The parties separated in 2004. In 2006, the parties agreed on amounts for both child support and spousal support, as well as a division of matrimonial assets. In 2008, however, the appellant applied for an increase in support based on an increase in the respondent’s income. A temporary order for an increase was made, as well as an order to pay retroactive support.
The parties later contentiously disputed the issue of spousal and child support over the course of an eight day trial. The trial judge fashioned an order based on average income attributed to the respondent, due to the fact that the respondent’s income varied greatly from year to year.
ISSUES:
- Did the trial judge err in granting insufficient support and failing to order retroactive support?
HOLDING:
Appeal dismissed.
REASONING:
No. The Court pointed out that the Supreme Court of Canada has instructed appellate courts to afford significant deference to trial judges in cases relating to support orders. Firstly, because the discretion involved in making a support order is best exercised by the judge who heard the parties directly. And secondly, because this approach promotes finality in family law matters.
The Court of Appeal therefore concluded that an appellate court can only interfere with a trial judge’s decision if there is a material error such as a serious misapprehension of the evidence, or an error in law.

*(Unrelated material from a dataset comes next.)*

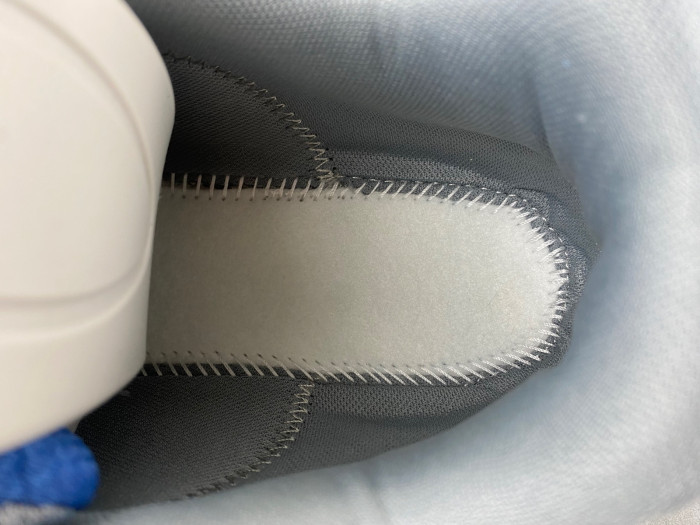 b0tte*a Ven*ta silver & blue orbit sneakers 241798f128005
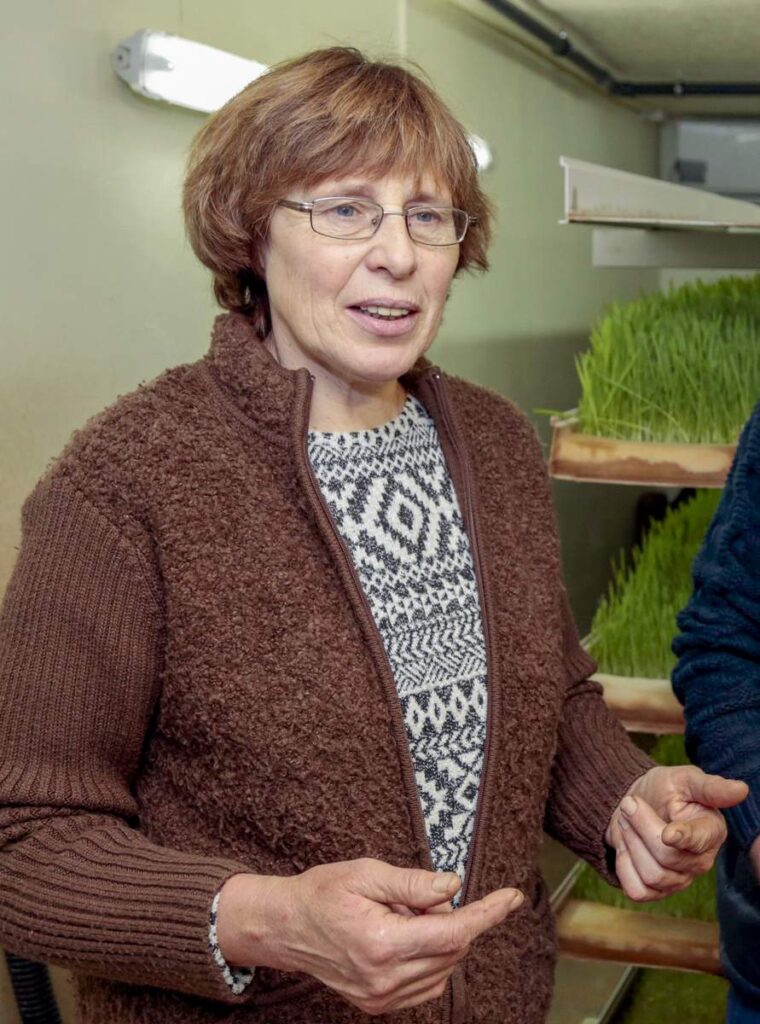 Marijampolės savivaldybės Gavaltuvos kaimo ūkininkė Dangirutė Kazakevičienė norėtų, kad pieno supirkimo kaina žemiau 40 centų už kilogramą nenukristų – tuomet būtų galima oriai gyventi ir dirbti.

It is not entitled to overturn a support order simply because it would have made a different decision (Hickey v. Hickey, [1999] 2 S.C.R. 518).
The Court ultimately found that, in this case, the trial judge heard evidence over an extensive trial. His reasons were adequate and thoughtful, and it was clear that he had considered all of the relevant factors in arriving at his decision. As such, the Court of Appeal found no reason to interfere with the trial judge’s decision.